I tried em and they were = too but not superior to my blazers so I dont see any issue kinda like askin would you shoot against a guy with a Hoyt I dont see the big difference to each their own lets just shoot together cya on the stake


----------



## bhtr3d (Feb 13, 2004)

Doesn't matter to me...if that person doesnt mind having to carry around at least 2dozen a shoot....They will get trashed sooner or later.


----------



## outbackarcher (Oct 31, 2005)

It don't matter to me what they shoot. I really like aiming at the FOB's.


----------



## $dabucks (Mar 1, 2008)

The problem is they can rip off fletchings.


----------



## Pantera07 (Dec 6, 2006)

$dabucks said:


> The problem is they can rip off fletchings.


That is my concern.... I like everyone's honesty. I shoot them for hunting and was gonna consider them for 3D, but I have heard there are concerns over damaging others vanes as well as blocking scoring rings and possibly kicking other shooters arrows out. I like my FOBs but do not want to create a problem on the range.
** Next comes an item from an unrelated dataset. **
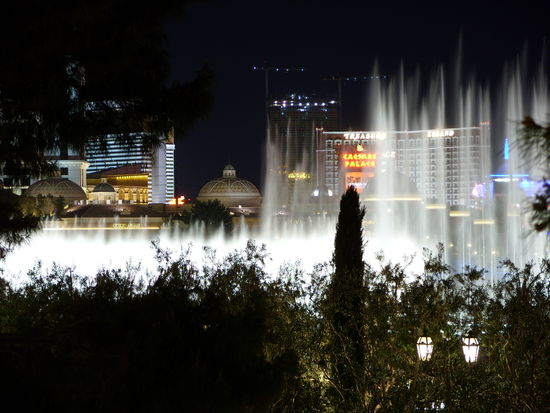 Wasserspiele vor dem Bellagio
Schön!
Aber natürlich völlig irre mitten in der Wüste!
Thanks for all the responses...keep them coming.


----------



## Paul Morris (Mar 1, 2004)

Glad to hear most folks think FOBs are OK for use in 3D!



CutTheLoop said:


> Can't be any worse than shooting against a group full of X Jammers and pin-nock bushings.


+3!

Talking with ASA.....they should be legal for 2011. The issue was not the current design (ASA tested and found no issues), but rather if they allow the use I could change the design into some kind of a blocker device. I assured ASA the design would not change to anything that would be a blocker. With any luck all should be a go next year. I am just a little fish in big pond trying to make a 100% made in USA widget (not an easy thing to do these days) :darkbeer:


----------



## foos (Oct 20, 2009)

Pantera07 said:


> That is my concern.... I like everyone's honesty. I shoot them for hunting and was gonna consider them for 3D, but I have heard there are concerns over damaging others vanes as well as blocking scoring rings and possibly kicking other shooters arrows out. I like my FOBs but do not want to create a problem on the range. Thanks for all the responses...keep them coming.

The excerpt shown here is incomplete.